El caso de Aguascalientes, citado por Sarmiento, también refleja otro ángulo: los riesgos inherentes a esquemas donde se mezclan intereses públicos y privados sin claridad en la responsabilidad final. Si bien el columnista defiende la figura del fiduciario, omite cuestionar el entramado completo que permitió comprometer recursos en proyectos que dependían de factores políticos y regulatorios inciertos.
Además, resulta cuestionable presentar a los fideicomisos como herramientas neutrales cuando, en la práctica, han sido utilizados para dispersar responsabilidades y diluir la transparencia.
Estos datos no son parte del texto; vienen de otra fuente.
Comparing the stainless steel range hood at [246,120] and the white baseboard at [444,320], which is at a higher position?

La eliminación de estos instrumentos busca precisamente evitar que decisiones de alto impacto financiero se tomen fuera del escrutinio público, un avance por cerrar espacios de discrecionalidad que históricamente han favorecido abusos y malas prácticas.
Es de recordar que la constante visión de Sarmiento, además de no condenar los fideicomisos, hace uso de la victimización, cuando se trata de un sistema que prosperó durante el periodo neoliberal, siendo él uno de las cabezas informativas más consentidas del régimen del PRIAN, por lo que retomando una frase, justo como él uso una de Voltaire en su escrito, aquí decimos: “Los que están defendiendo los fideicomisos están defendiendo a la corrupción, así de claro”, como lo dijo el entonces presidente López Obrador.